Stored items
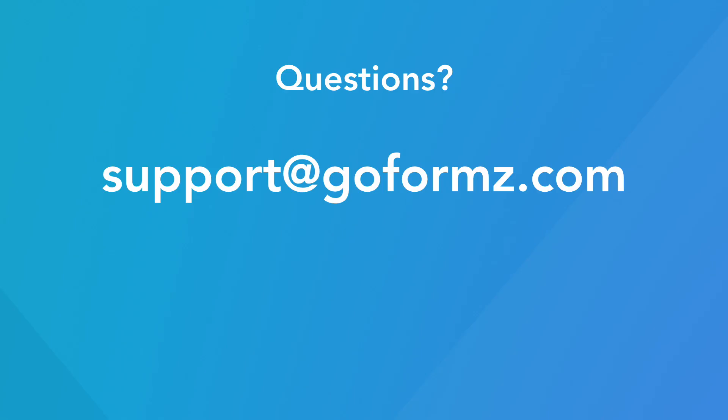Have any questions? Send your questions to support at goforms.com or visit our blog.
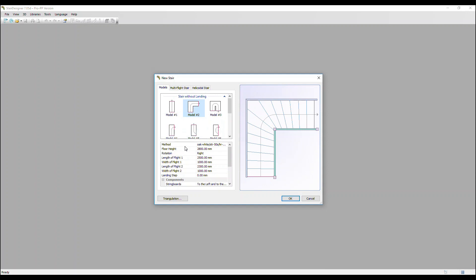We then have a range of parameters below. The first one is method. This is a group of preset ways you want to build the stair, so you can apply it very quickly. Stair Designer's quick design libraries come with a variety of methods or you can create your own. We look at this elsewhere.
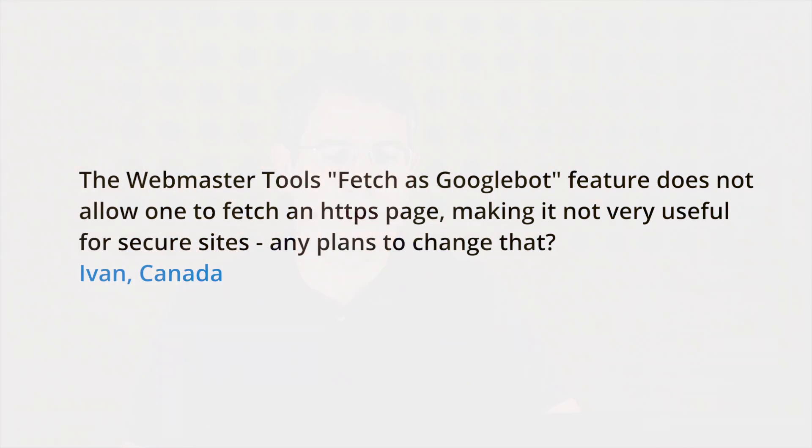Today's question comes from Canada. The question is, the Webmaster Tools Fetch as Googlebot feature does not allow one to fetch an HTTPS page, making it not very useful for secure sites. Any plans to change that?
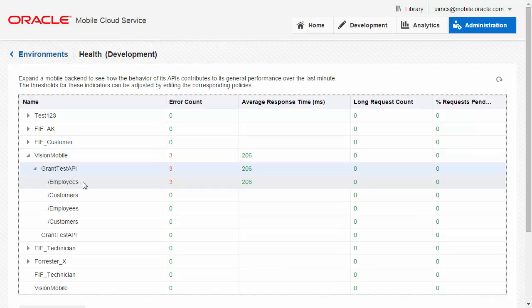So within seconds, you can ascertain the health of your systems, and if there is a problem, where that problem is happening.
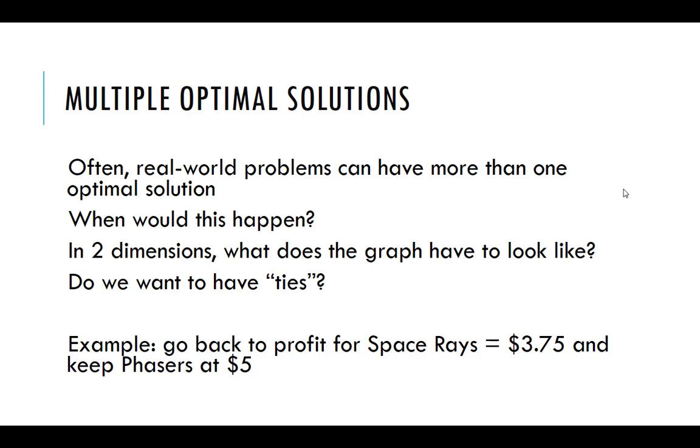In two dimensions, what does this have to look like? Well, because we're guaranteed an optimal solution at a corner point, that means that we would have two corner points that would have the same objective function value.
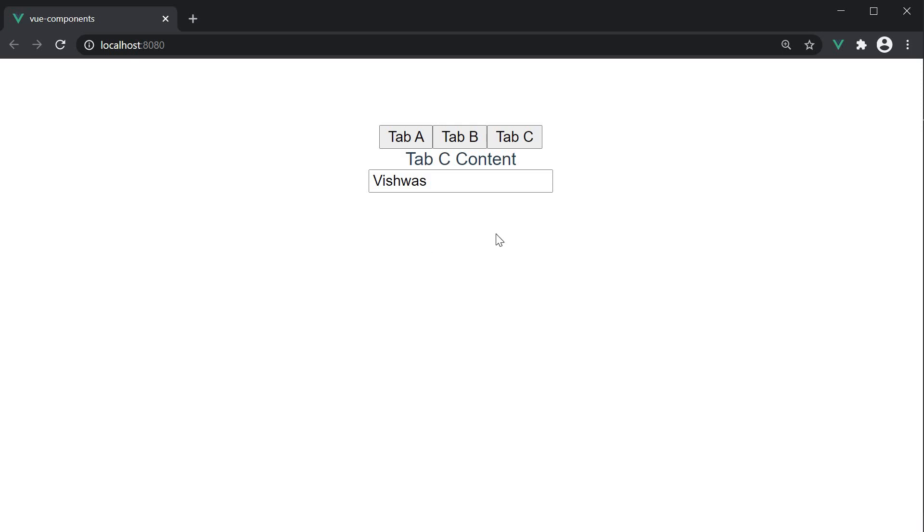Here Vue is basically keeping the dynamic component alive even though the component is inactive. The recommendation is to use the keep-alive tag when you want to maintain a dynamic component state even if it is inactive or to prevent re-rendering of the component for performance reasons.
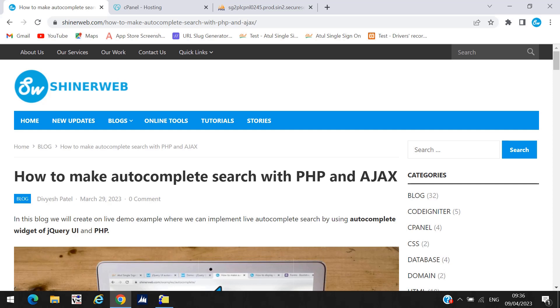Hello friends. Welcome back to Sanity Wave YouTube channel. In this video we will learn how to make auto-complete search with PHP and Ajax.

■ WHAT YOU HAVE TO DO
Above are the records; print them all exactly and keep the pictures out.

■ COMPLETED EXERCISE
Have any questions? Send your questions to support at goforms.com or visit our blog.
We then have a range of parameters below. The first one is method. This is a group of preset ways you want to build the stair, so you can apply it very quickly. Stair Designer's quick design libraries come with a variety of methods or you can create your own. We look at this elsewhere.
Today's question comes from Canada. The question is, the Webmaster Tools Fetch as Googlebot feature does not allow one to fetch an HTTPS page, making it not very useful for secure sites. Any plans to change that?
So within seconds, you can ascertain the health of your systems, and if there is a problem, where that problem is happening.
In two dimensions, what does this have to look like? Well, because we're guaranteed an optimal solution at a corner point, that means that we would have two corner points that would have the same objective function value.
Here Vue is basically keeping the dynamic component alive even though the component is inactive. The recommendation is to use the keep-alive tag when you want to maintain a dynamic component state even if it is inactive or to prevent re-rendering of the component for performance reasons.
Hello friends. Welcome back to Sanity Wave YouTube channel. In this video we will learn how to make auto-complete search with PHP and Ajax.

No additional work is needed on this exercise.